Artistic director Luz had said in May that he planned to end his career as a Charlie Hebdo cartoonist. In this week’s issue, he made known that next week would be his last.
Writer Patrick Pelloux said in an interview Saturday he was also leaving, “probably” in January.
Charlie Hebdo mocked religions, including Islam’s prophet Mohammed. Luz drew the cover cartoon — a weeping Mohammed, saying “All is forgiven” — in the issue following the Jan. 7 attack by Islamic extremists on the paper, which left 12 people dead. A second attack two days later on a Kosher grocery store in Paris killed five others. All three gunmen died in clashes with police.
“If I’ve decided to stop writing it’s because ... something has ended,” Pelloux told the student radio station Web7Radio. “You have to know how to turn the page one day.”

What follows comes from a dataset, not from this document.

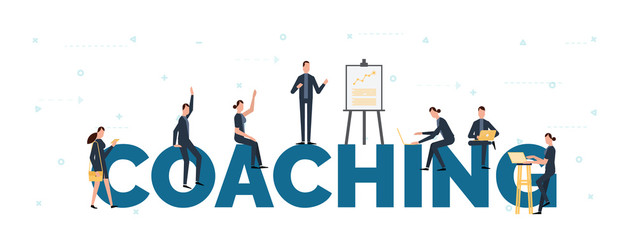 coaching concept illustration of business people attending the professional training.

He said those who escaped the massacre are not real survivors because “a part of us ended with these attacks.”
The paper ignited another uproar recently with a cartoon depicting 3-year-old Syrian migrant Aylan Kurdi, whose body washed up on a Turkish beach, and a sign “So near the goal” — with McDonald’s arches and the Ronald McDonald clown.
Luz responded to the uproar in the paper’s latest edition, saying the cartoon by Riss aimed to mock “our liberal and hypocritical society,” which needed a photo of a dead boy to become aware of the migrants’ plight.
Sales of the irreverent paper rose dramatically after the January attack. But staff member Zineb el-Rhazoui told the iTele TV channel Saturday the latest departures are a sign of a “malaise” at Charlie Hebdo.